Best for polished demos. Weakness: the 22 minute 20 second generation time is a serious workflow cost.
The best engineering workflow
Cursor produced the best code architecture and completed in just 1 minute 2 seconds. Its output included named constants, encapsulated systems, declarative level data, coyote time, jump buffering, seeded procedural generation, and accessibility attributes.
Best for rapid prototyping and maintainability. Weakness: the visuals were basic and movement speed was hard to control.

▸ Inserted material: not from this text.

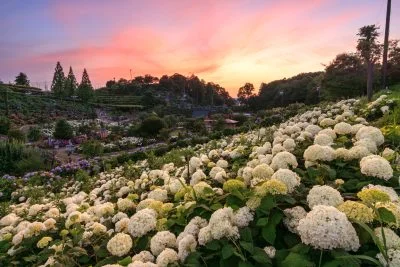 無料壁紙 夕焼けに包まる白い紫陽花。PCとデスクトップ壁紙に最適な4K高画質の無料壁紙。三重県津市のかざはやの里で撮影したフリー写真素材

The balanced middle option
Codex delivered a playable and responsive game in 1 minute 15 seconds. The output had strong mechanics, clean collision behaviour, pine silhouettes, gems, spikes, pits, score, lives, level text, and difficulty scaling. It did not look as polished as Claude Code or feel as architecturally refined as Cursor, but it landed a strong middle position.
Best for quick, well-rounded output. Weakness: scattered magic numbers, a heavier update function, and manual copy/paste friction reduced the iteration score.
What The Test Revealed
01
Runnable output is now table stakes
All three platforms produced working browser games with no major manual fixes. That is a meaningful maturity signal for constrained single-file software prompts.
02
The best output and fastest workflow were different tools
Claude Code created the strongest artifact. Cursor created the strongest workflow. That distinction matters when choosing a coding assistant for real projects.
03
Architecture and aesthetics still trade off
Cursor prioritised maintainable structure over visual presentation. Claude Code pushed presentation harder. Codex stayed between the two.
04
Iteration workflow is part of quality
For vibe coding, output quality is not just the final code. File handling, update speed, and whether the assistant reduces friction all change the practical score.
Practical Recommendation
Choose Cursor when
Speed and maintainability matter
It is the best fit for rapid prototyping, iteration-heavy workflows, and code that may be extended beyond the first generated artifact.
Choose Claude Code when
Presentation matters most
It produced the most impressive playable game, making it a strong choice for demos, visual prototypes, and user-facing proof-of-concepts.
Choose Codex when
You want balance
It is a reliable middle option: fast, playable, mechanically solid, and good enough visually, though less seamless in this particular workflow.
Do not ignore
Time as a quality signal
A brilliant output that arrives too slowly can lose to a slightly less polished result that supports fast iteration and keeps momentum high.
Bottom Line
This benchmark shows that the current generation of AI coding tools can produce complete, playable browser games from a single natural-language prompt. The failures were not about basic runnable code. They were about workflow velocity, polish, tuning, and maintainability.
If the question is which tool made the best game?, the answer is Claude Code. If the question is which tool performed best as a practical coding workflow?, the answer is Cursor. If the question is which tool delivered the most balanced result quickly?, Codex makes a strong case.